Natural Justice or Divine Law
It is interesting to see how the concept of "natural justice" is being used by some evangelicals to justify the failure to apply divine law, especially in the case of church discipline.
One would have imagined that evangelicals, especially those in the Reformed tradition, would have been committed to the principle of the authority and the sufficiency of Scripture, and the Law of God as revealed in Scripture as the supreme guide to our conduct.
Now, however, a new principle comes into play, that of “natural justice”. Just what is natural justice, and does it stand over divine law as the ultimate arbitrator of moral conduct in general, and discipline within the church in particular?

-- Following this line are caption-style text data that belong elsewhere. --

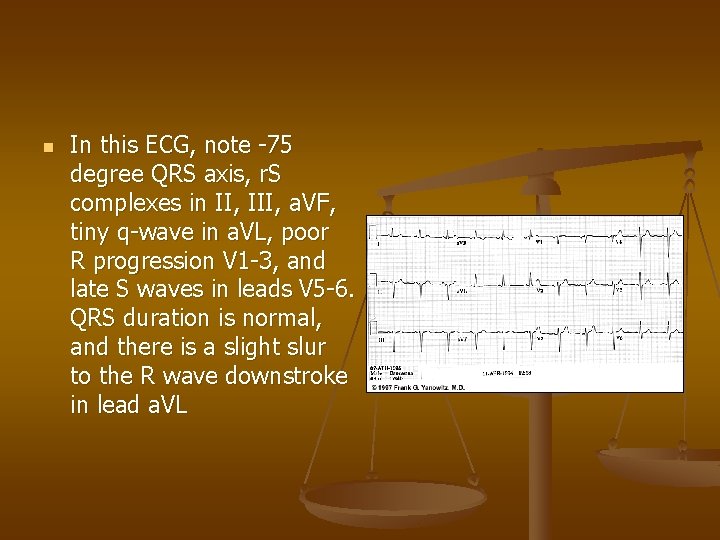 n In this ECG, note -75 degree QRS axis, r. S complexes in II,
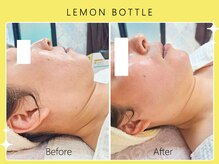 シロカネ イオンタウン西熊本店(SHIROKANE)/レモンボトル☆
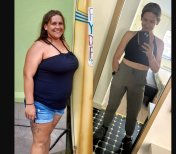 Before and after gastric sleeve surgery at NOVİN ARİANA SAĞLIK – significant weight loss result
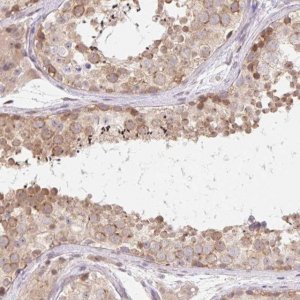 Anti-TBPL2 antibody produced in rabbit 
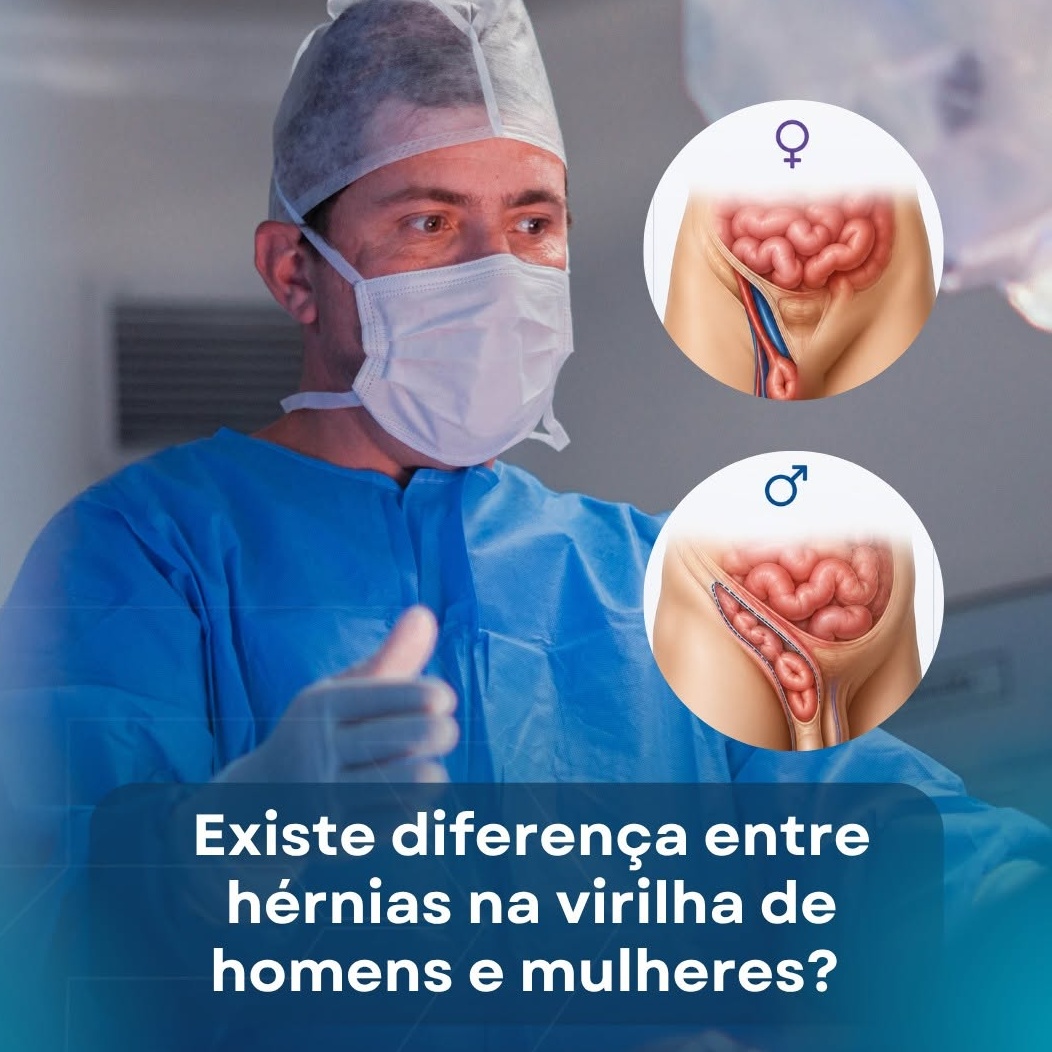 hernia inguinal, hérnia na virilha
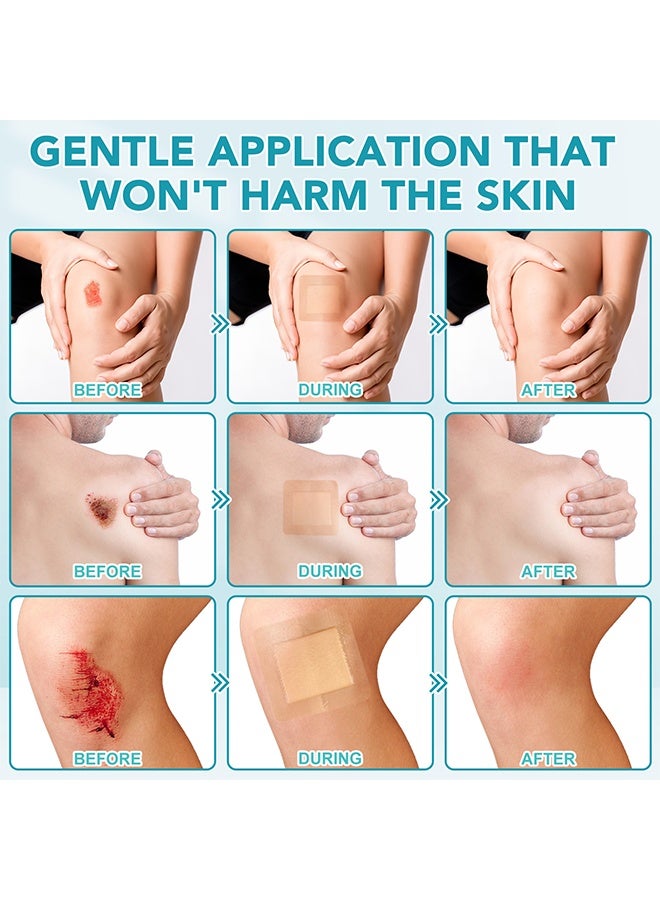 سيفودون 5 قطع ضمادات رغوة سيليكونية مع حواف، حواف لاصقة 10×10 سم، ضمادات رغوية قابلة للتنفس ولطيفة على البشرة، لاصقات عناية ذاتية للأماكن الجرحية - Image 3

Certainly Reformed theology has a positive place for natural law. However, this law is not seen as independent of God, but rather as a manifestation of God’s law revealed in man’s moral consciousness. Both biblical revelation and natural law originate in God and can therefore not contradict each other.
There is a technical, legal sense in which the term “natural justice” is used. It embodies three principles: the no-one should be condemned without a fair hearing, that they should not be judged on the basis of personal bias, (their own or other’s), and that they should be judged on the basis of reasonable evidence. See, for example:
Now, when it is suggested at the recent Church of Scotland General Assembly that any office-bearers who have entered into a gay marriage should be exempt from all discipline because the church has not yet definitively expressed its mind on gay marriage, which of the three principles are being violated if discipline were taken against those in gay marriages? There is no suggestion that anyone be disciplined without a fair hearing, or that personal bias alone should be the basis of such discipline, or that reasonable evidence in terms of the teaching of Scripture and the actual facts of the case would not be the basis of any judgement.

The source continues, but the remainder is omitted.